In those discussions, I propose that most Cats Effect applications and libraries actually do not rely on the JMM's final field semantics.1 In idiomatic Cats Effect code, data is explicitly shared via Ref and Deferred (or higher-level concurrent structures like Queue) and thus can be properly synchronized. This is important because publication of final fields is expensive on the JVM and on Scala Native, especially on ARM.

Continuing from there, I also want to hone down exactly what memory is published when synchronizing via Ref and Deferred. For example, they could create a full memory fence, but I argue that this is not necessary especially for idiomatic Cats Effect code which never uses vars etc.2 Instead, we only need to publish memory that is "structurally reachable" from the pointer we just published via the Ref/Deferred.

It turns out this is an existing concept in C++, known as memory_order_consume.

The consume memory order is a weaker form of acquire. Whereas acquire prevents all future memory accesses from being ordered ahead of the load, the consume order only prevents dependent future memory accesses from being reordered ahead of the load.

https://devblogs.microsoft.com/oldnewthing/20230427-00/?p=108107

The JMM also uses some notion of reachability to define its final field semantics.

... when the object is seen by another thread, that thread will always see the correctly constructed version of that object's final fields. It will also see versions of any object or array referenced by those final fields that are at least as up-to-date as the final fields are.

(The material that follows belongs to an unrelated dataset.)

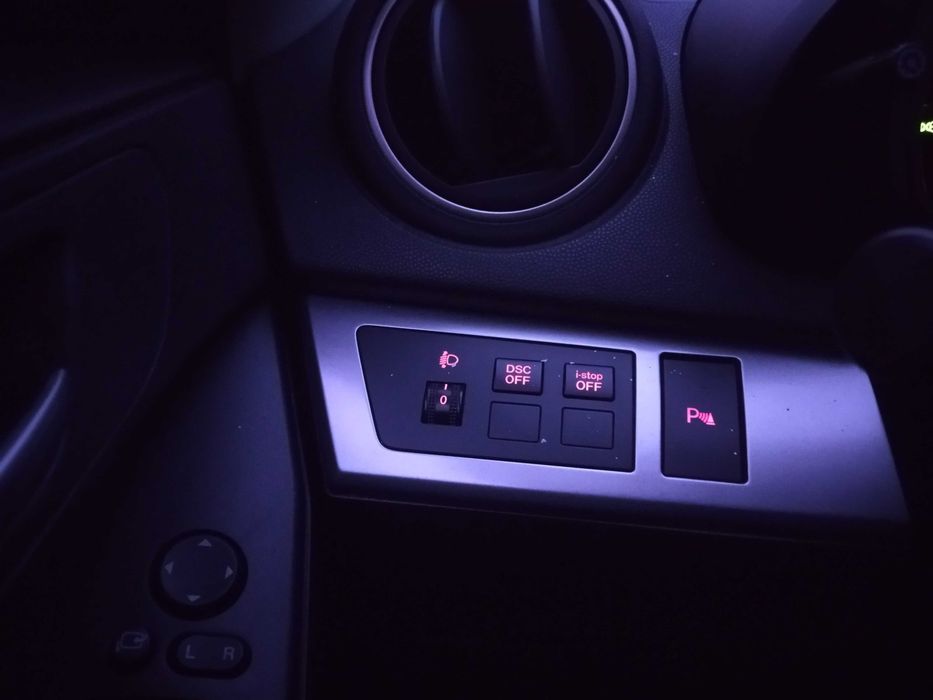 Vând sau schimb Mazda 3 an 2010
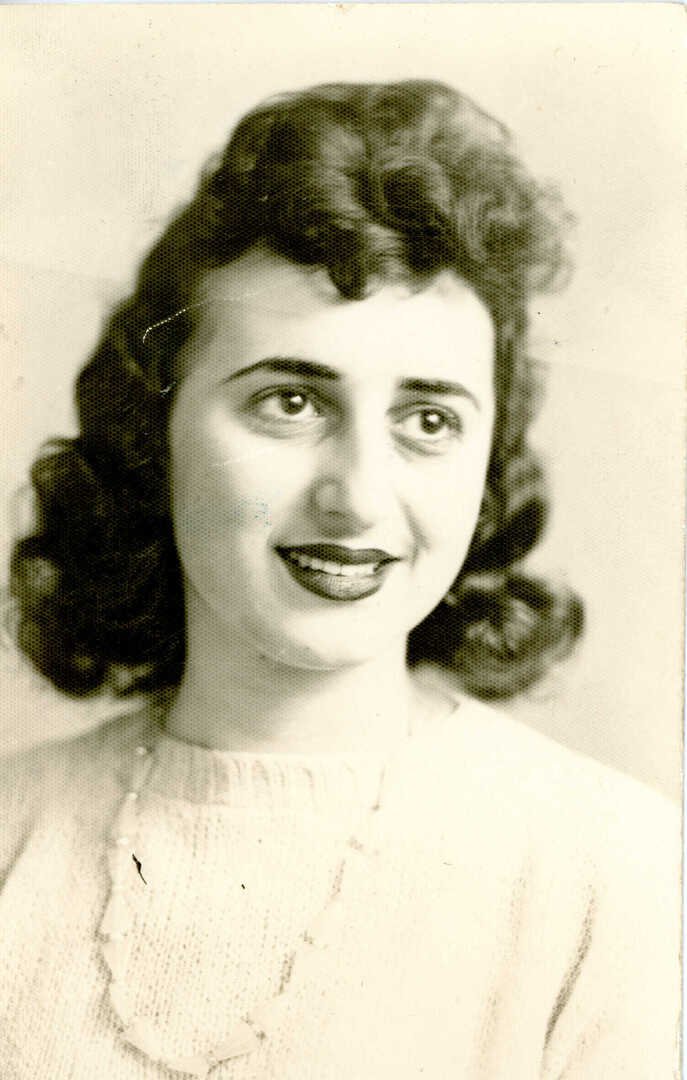 Eileen Theresa Gallo - Photo 3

https://docs.oracle.com/javase/specs/jls/se21/html/jls-17.html#jls-17.5

Note, I'm not claiming that we can implement strictly these semantics. For example, final field semantics are not going away on the JVM and LLVM doesn't currently expose memory_order_consume. It's just about what we are explicitly promising in our API. Meanwhile, our implementation details will end up offering stronger guarantees in practice than what is actually specified by our memory model. For most developers this won't matter.

Anyway, the reason for bringing this up again is because the possibility of relaxing the memory model on Scala Native has finally cropped up :)

Footnotes

  1. The JMM's final field publication semantics are important when you are not using explicit synchronization, leaving memory visibility subject to data race. For example, we use this technique to support stealing of timers and packing a linked list. In these data race scenarios, the final field semantics are useful to guarantee that you see a consistent view of an object.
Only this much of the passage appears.